In order to retaliate physically in a way that protects you, you need to attack the most vulnerable part of his body with the strongest part of yours or something hard or sharp. Strongest does not necessarily mean hardest, it means least breakable.

Buildings and bridges are made to bend in the wind,
to withstand the world that’s what it takes. All that steel and stone
is no match for the air, my friend. What doesn’t bend, breaks.”

~ Ani DiFranco from her song, Buildings and Bridges

When you practice or even think about self defense, ask yourself this: Is the target I have chosen vulnerable enough as to be debilitating? If it isn’t, don’t stake your life on it.

To state the obvious, the best target is one that, when you make contact, will cause the other guy more pain than it causes you. In movies people punch to the face. Because we see it so often it has become an instinctive response and part of the culture. The face is the center of personality and therefore what we as emotional humans seek to destroy first. It is, however, often, not the best target. Small bones in the hands break easily, unless highly trained (and the sad truth is that most hands highly trained enough to withstand punching to hard targets reap the reward of painful arthritis later in life).

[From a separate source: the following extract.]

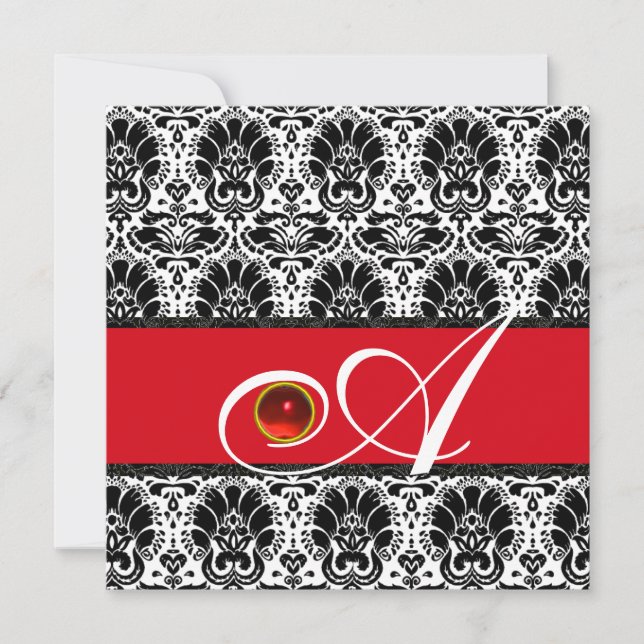 BLACK WHITE RED GOLD  DAMASK MONOGRAM Ruby Invitation (Front)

It may actually require a conscious decision from you to attack something other than the face. And there may be no time for conscious decision, which is why we are preparing now. If the face is your only option, take it, but be aware that anything aimed at the face is briskly tracked by the eyes. Yet another reason the face is often not the best primary target.

By a debilitating target I mean one that will force your assailant to discontinue his attack. Pain is very subjective and difficult to quantify. Someone on drugs or used to being disciplined by way of systematic beatings or torture can endure quite a bit more pain than you may even be able to imagine. You can be in agonizing pain and still manage to give birth to your child without passing out. A violent criminal may be able to take quite a hit and still continue to hurt you.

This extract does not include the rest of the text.